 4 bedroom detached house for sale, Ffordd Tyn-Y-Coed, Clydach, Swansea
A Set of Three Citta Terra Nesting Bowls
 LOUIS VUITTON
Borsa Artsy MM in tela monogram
□ □ □
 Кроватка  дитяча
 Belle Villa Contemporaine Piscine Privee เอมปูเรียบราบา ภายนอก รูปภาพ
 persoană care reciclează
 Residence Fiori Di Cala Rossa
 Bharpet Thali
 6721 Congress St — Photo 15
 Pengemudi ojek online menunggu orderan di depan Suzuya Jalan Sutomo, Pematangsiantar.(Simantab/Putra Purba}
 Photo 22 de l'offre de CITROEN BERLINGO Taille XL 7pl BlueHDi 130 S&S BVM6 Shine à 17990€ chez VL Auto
□ □ □
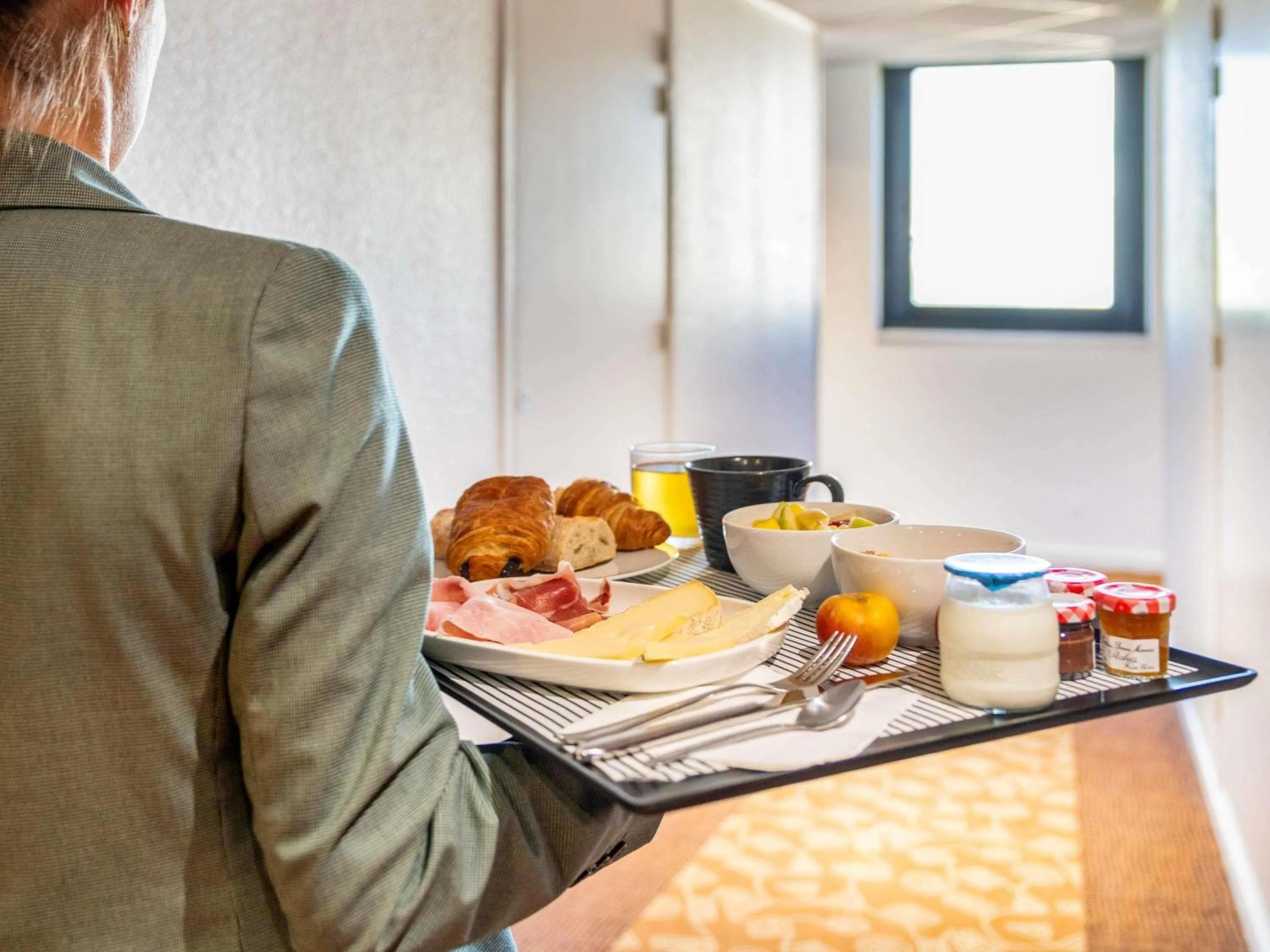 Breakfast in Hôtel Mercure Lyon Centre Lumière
□ □ □
Assignment. Everything from the line with "4 bedroom detached" through the line with "Borsa Artsy MM in tela monogram" should be written out exactly as it appears above, end lines included, and nothing outside that range.

Answer space.
 4 bedroom detached house for sale, Ffordd Tyn-Y-Coed, Clydach, Swansea
A Set of Three Citta Terra Nesting Bowls
 LOUIS VUITTON
Borsa Artsy MM in tela monogram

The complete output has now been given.